Bertrand Meyer, provavelmente o maior guru de sempre do paradigma dos objectos, inventor da programação por contrato e pai da linguagem Eiffel, visita o DI no dia 6 de Junho. É muito importante que todos assistam às suas palestras. Marquem na vossa agenda!
Para terem uma ideia mais clara de quem é este senhor, vejam:
http://www.inf.ethz.ch/personal/meyer/
O programa das suas apresentações no DI é o seguinte:
Attached types and the eradication of void calls
Bertrand Meyer, ETH Zurich and Eiffel Software
Segunda-Feira, 6 de Junho de 2005 11h00m
Over the execution of programs in an object-oriented language hangs the sword of Damocles of a "void call". This talk presents a general solution to eliminate this risk. A void call is a run-time attempt to execute a typical object-oriented call, x.f (args), while x is "void" or "null", meaning that it is not attached to any object. The result will be an exception and usually abnormal execution termination -- a crash.
Rather than waiting until run time to find out, it is desirable to flag any case that can trigger this event statically, as part of the compilation process, in the same way that compilers for a typed O-O language guarantee that if there is an object it will be equipped with the proper `f'. Can we extend the type system in a simple and understandable way to eliminate void calls entirely, without putting undue expressive constraints on the programmer?

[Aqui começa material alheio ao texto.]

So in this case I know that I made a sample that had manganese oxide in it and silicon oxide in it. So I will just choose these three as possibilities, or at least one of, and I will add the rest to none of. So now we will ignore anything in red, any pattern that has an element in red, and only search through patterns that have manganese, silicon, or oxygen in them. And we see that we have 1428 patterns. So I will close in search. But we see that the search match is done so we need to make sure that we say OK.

The mechanism presented in this talk appears to address the problem in an economical way. The solution turns out to have several other applications as well. One is to the eradication of "catcalls", another risk of crash, which follows from the application of a covariant argument typing policy. The other is to a problem of concurrent object-oriented programming: how to guarantee object locking in a simple way, but also minimally, so that object reservation occurs when and only when absolutely required.
The mechanism also provides improvements over existing solutions to two other problems of object-oriented development: forcing a type on an object (type-safe casts); and lazy evaluation of object fields ("once per object").

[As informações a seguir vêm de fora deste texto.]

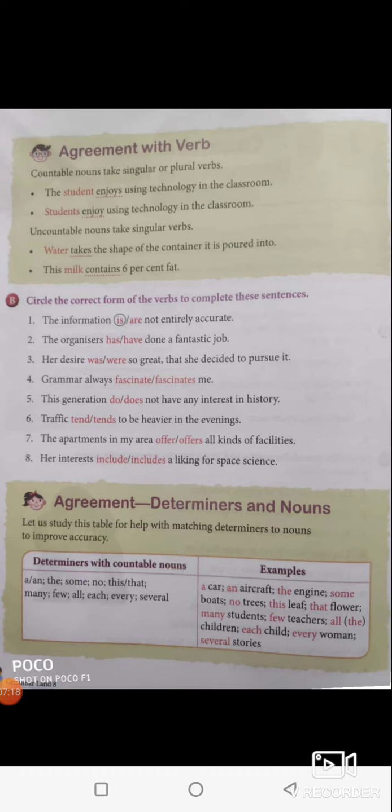Note this: uncountable nouns take singular verbs. For example, water can be uncountable — a liter of water, a bottle of water we can say, but when you say 'water' alone it cannot be counted. You cannot say 'waters' unless you bring water from different continents and put it together.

The mechanism adds only one symbol (the question mark) to the language and replaces a construct, Assignment Attempt, by a simpler one, Object Test. Most of the effect is achieved through new validity rules on existing constructs. The mechanism is part of the draft ECMA standard for Eiffel. Various examples will be presented, as well as a discussion of benefits and limitations.
Touch of class: modern programming education through objects, contracts and components
Bertrand Meyer, ETH Zurich and Eiffel Software
Segunda-Feira, 6 de Junho de 2005 15H00M
Teaching introductory programming in a form that will give future Information Technology professionals a head start raises many challenges: focusing on long-term skills rather than fashionable toys of the moment, introducing a degree of rigor without losing the practical touch, keeping abreast of the most exciting new technologies, devising appropriate exercises that can't be solved by just googling the results, providing a first introduction to professional software engineering, tackling big enough examples to give students an idea of real software development.

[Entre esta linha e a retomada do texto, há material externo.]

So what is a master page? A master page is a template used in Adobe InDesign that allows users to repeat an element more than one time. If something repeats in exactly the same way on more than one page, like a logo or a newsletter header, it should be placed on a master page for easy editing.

The introductory programming courses at ETH Zurich were redesigned two years ago with these concerns in mind, using an approach that is fully object-oriented right from the start and fundamentally relies on the concepts of Design by Contract. Another crucial principle is reliance on software reuse: we provide the students, right from the beginning, with a large graphical and multimedia library which they are invited to reuse initially as pure clients, through abstract interfaced and contracts; they can then discover the details little by little, "outside-in", and in the end extend it themselves, through a process also called the Inverted Curriculum. A textbook in progress, Touch of Class, supports the approach. The library is in the public domain.
The progress of the students is carefully monitored through systematic analysis of weekly exercises and questionnaires, so that we are able to evaluate objectively how the course succeeds.
We believe that our experience provides a blueprint of how best to educate Information Technology professionals for the challenges that await them in the coming decades. A number of universities have already adopted the approach. We will describe our techniques and the result of this experience over the past two years, presenting the benefits achieved and the problems that remain.